Pour revenir à la gravure, les œuvres de Dürer furent cause que Lucas de Hollande s’efforça de suivre ses traces. Après les estampes mentionnées plus haut, il grava sur cuivre quatre sujets tirés de l’histoire de Joseph, les quatre Évangélistes, les trois anges qui apparurent à Abraham dans la vallée de Mambré, Suzanne au bain, David en prière, le triomphe de Mardochée, Loth enivré par ses filles, la Création d’Adam et d’Ève, Dieu défendant à nos premiers parents de manger le fruit d’un arbre qu’il leur montre, et Caïn tuant son frère Abel ; toutes ces planches furent publiées l’an 1529[37]. Mais les œuvres qui, plus que toute autre, augmentèrent sa réputation, furent un Crucifiement de Jésus et un Ecce Homo[38]. Ces deux planches, de grandes dimensions et renfermant beaucoup de figures, sont regardées comme très précieuses, ainsi qu’une Conversion de saint Paul sur le chemin de Damas. Ces divers morceaux suffisent pour montrer que Lucas peut être compté parmi les maîtres qui ont excellé dans le travail du burin. Les compositions de ses sujets sont plus conformes aux règles de l’art que celles d’Albert Dürer ; leur arrangement est si clair, qu’il semble que la scène que Lucas a voulu représenter n’a point dû se passer autrement. En outre, les estampes de Lucas se distinguent par une ingénieuse dégradation de tailles ; les objets qui s’éloignent progressivement sont exprimés à l’aide de touches légères habilement calculées, qui, peu à peu, échappent à l’œil, tout comme dans la nature les lointains se perdent de vue insensiblement. On n’obtiendrait rien de plus harmonieux avec les couleurs : aussi ces considérations ont-elles ouvert les yeux à beaucoup de peintres. Il fit encore beaucoup de petites estampes représentant des Madones, les douze Apôtres avec le Christ, des Saints et des Saintes, des armures, des casques et différentes fantaisies, entre autres un paysan qui, se faisant arracher une dent, éprouve une telle douleur qu’il ne s’aperçoit pas qu’une femme lui dérobe sa bourse. Les œuvres de Durer et de Lucas ont été causes qu’après eux quantité de Flamands et d’Allemands ont gravé des planches semblables, très belles.
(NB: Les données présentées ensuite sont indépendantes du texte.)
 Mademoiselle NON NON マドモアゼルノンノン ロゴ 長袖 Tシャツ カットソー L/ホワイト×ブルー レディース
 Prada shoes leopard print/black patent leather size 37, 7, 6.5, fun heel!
Mais n’oublions pas Marc Antonio. Arrivé à Rome, il grava sur cuivre une très belle planche, d’après Raphaël d’Urbin, et représentant Lucrèce qui se donne la mort, exécutée avec tant de soin et dans une si belle manière que Raphaël, l’ayant immédiatement reçue de plusieurs de ses amis, se décida à faire graver les dessins de quelques-unes de ses compositions. À peu de temps de là, Marc Antonio grava donc un dessin du Jugement de Paris, où Raphaël s’était plu à introduire le char du soleil, les nymphes des bois, celles des fontaines et celles des fleuves, ainsi que quantité de magnifiques accessoires ; la gravure de Marc Antonio excita à Rome une profonde admiration. Il grava ensuite le Massacre des Innocents, où l’on voit des nus admirables, le Neptune entouré de petits sujets de l’histoire d’Énée, un très bel enlèvement d’Hélène, dessiné par Raphaël, et le Martyre de sainte Félicité, plongée dans l’huile bouillante, tandis que ses fils sont décapités. Ces planches acquirent tant de réputation à Marc Antonio qu’elles étaient plus estimées que celles des Flamands, à cause de leur beau dessin et que les marchands en tiraient de grands profits.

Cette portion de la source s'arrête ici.